→ **YOUR GOAL**
Your task is to reproduce exactly the lines from the one containing "Devil-fish Shaped Plant" through the last line below, both ends included, and nothing else, with no pictures.

→ **Short web captions**

--- START ---

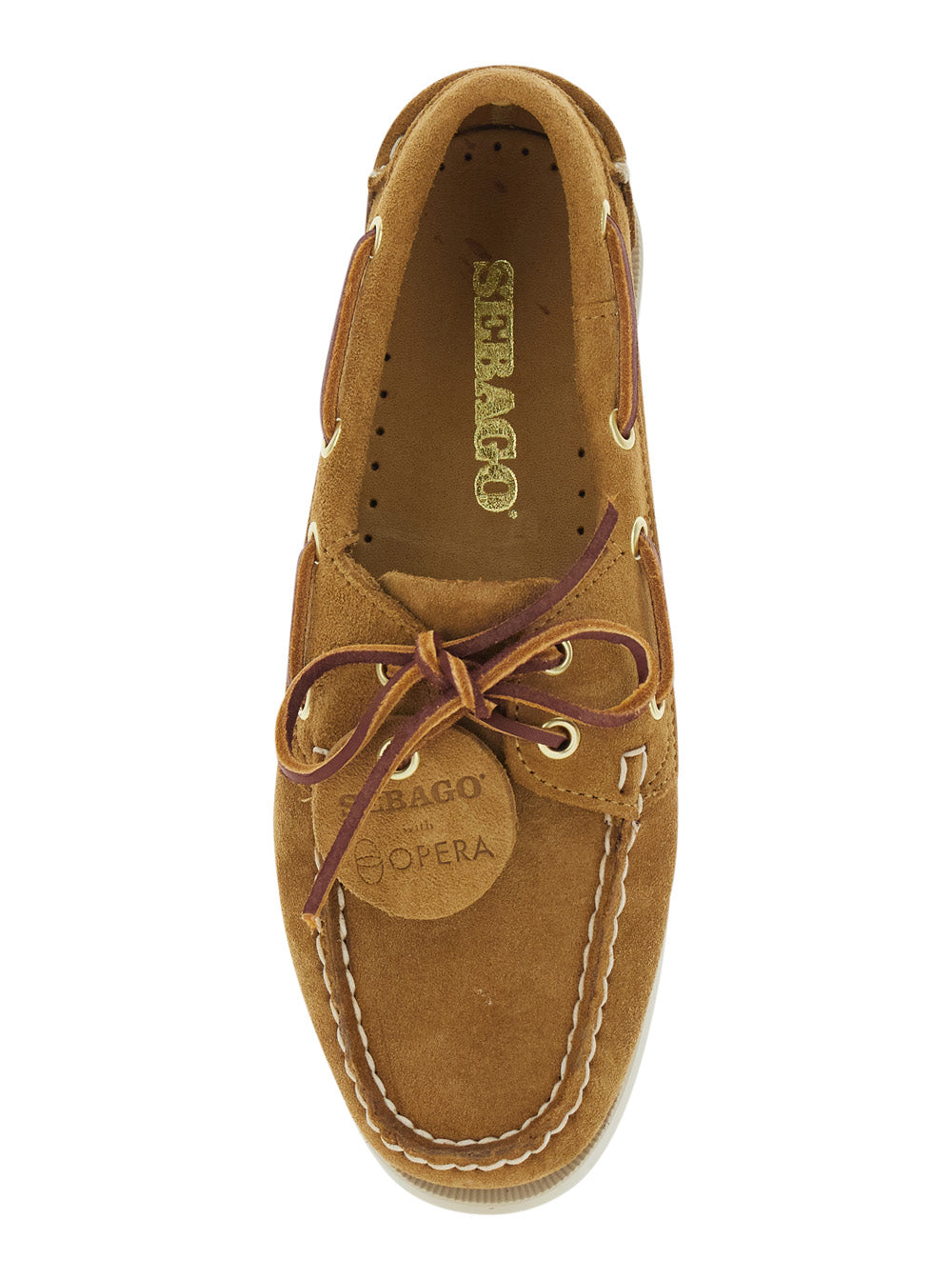 Sebago Portland Artisan Loafer — Beige, view 4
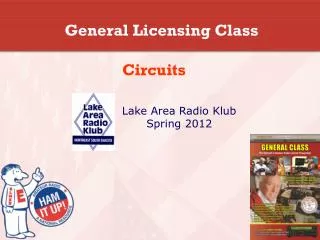 General Licensing Class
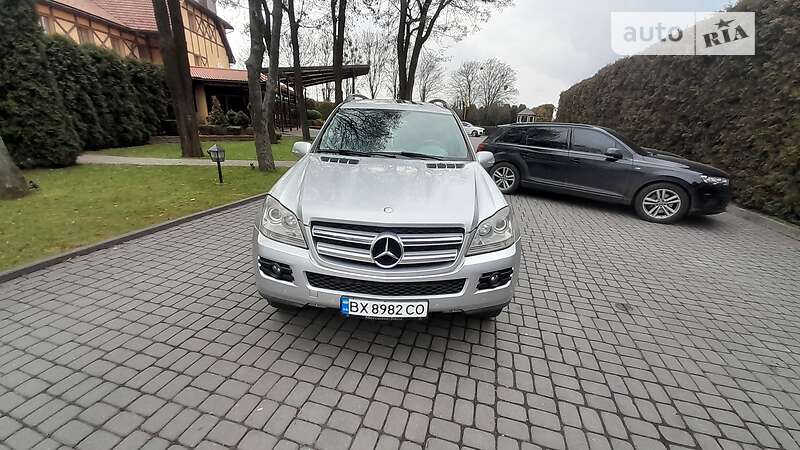 Внедорожник / Кроссовер Mercedes-Benz GL-Class 2006 в Луцке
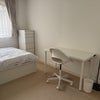 Photo 2: Desk, drawers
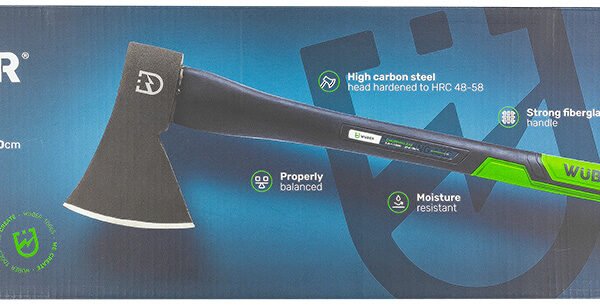 Stiklo pluošto skaldymo kirvis 1250g Wuber W64014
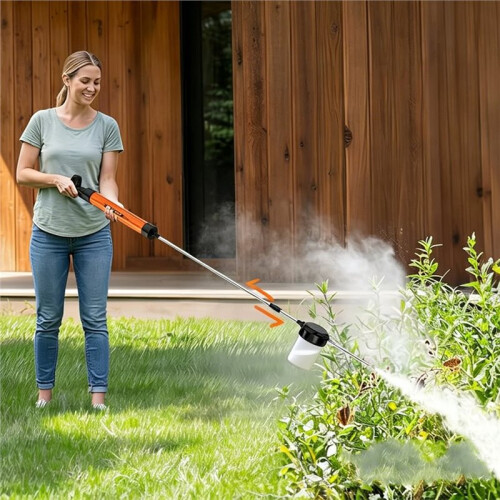 Diatomaceous Earth Powder Duster with Extendable Rod, Large Capacity & Adjustable Settings 120ml Capacity Tank 2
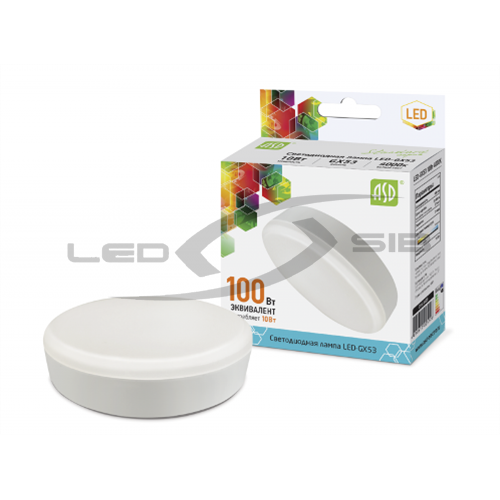 лампа сд led-gx53-standard 10.0w 230v 900lm Лампа сд LED-GX53-standard 10.0W 230V 900Lm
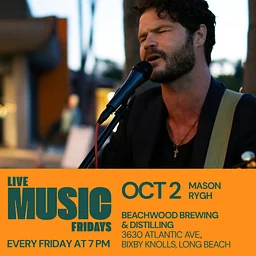FRIDAYS: LIVE MUSIC AT BEACHWOOD DISTILLING 🍹 BIXBY KNOLLS LONG BEACH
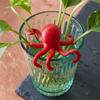 Devil-fish Shaped Plant Stem Support Creative Plant Cutting Holder  Outdoor Home Gardening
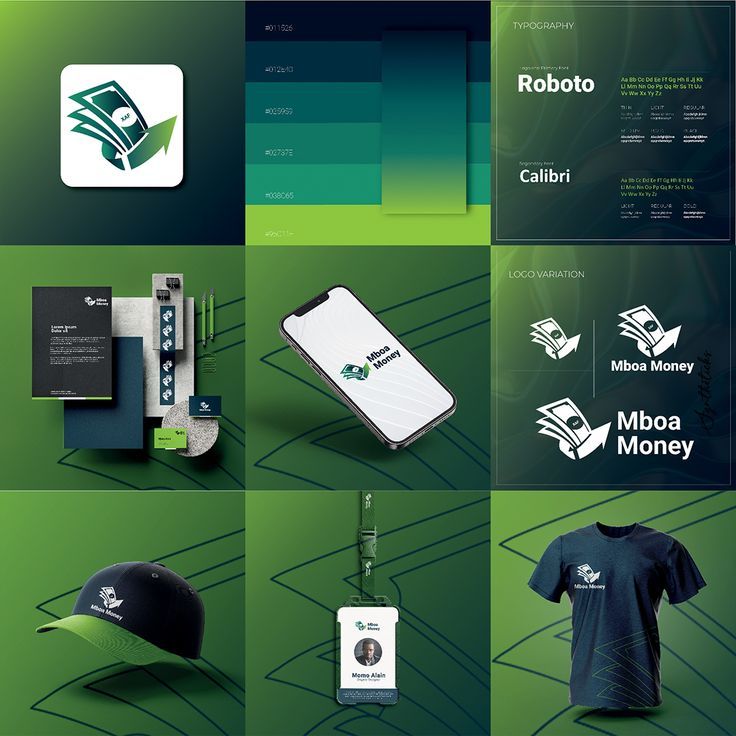 EcoFresh Brand Identity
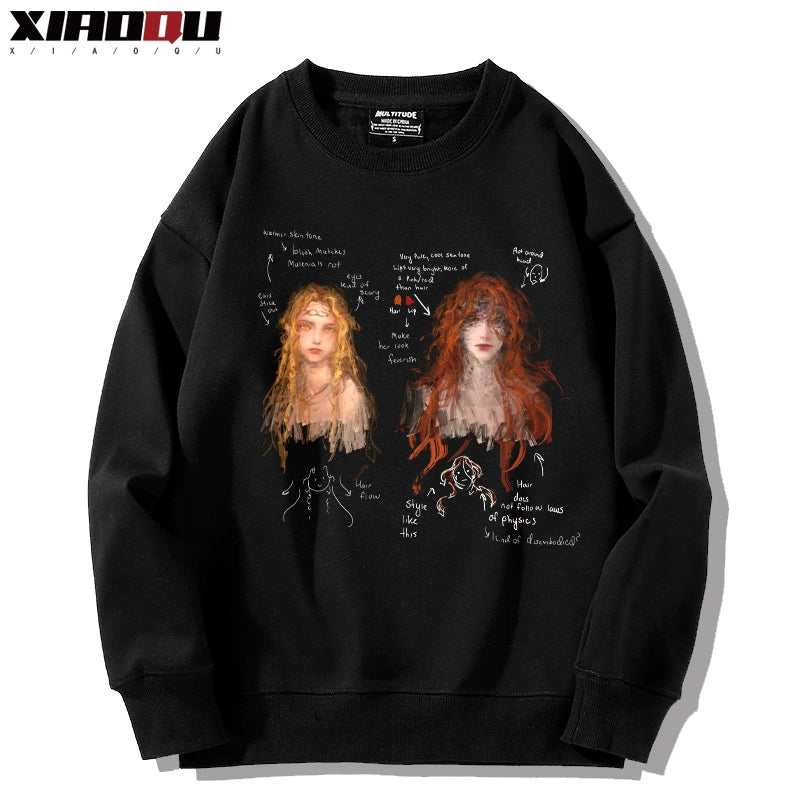 Chic Game Crew Neck Sweatshirt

--- END ---

→ **SOLUTION FOR THIS TASK**
 Devil-fish Shaped Plant Stem Support Creative Plant Cutting Holder  Outdoor Home Gardening
 EcoFresh Brand Identity
 Chic Game Crew Neck Sweatshirt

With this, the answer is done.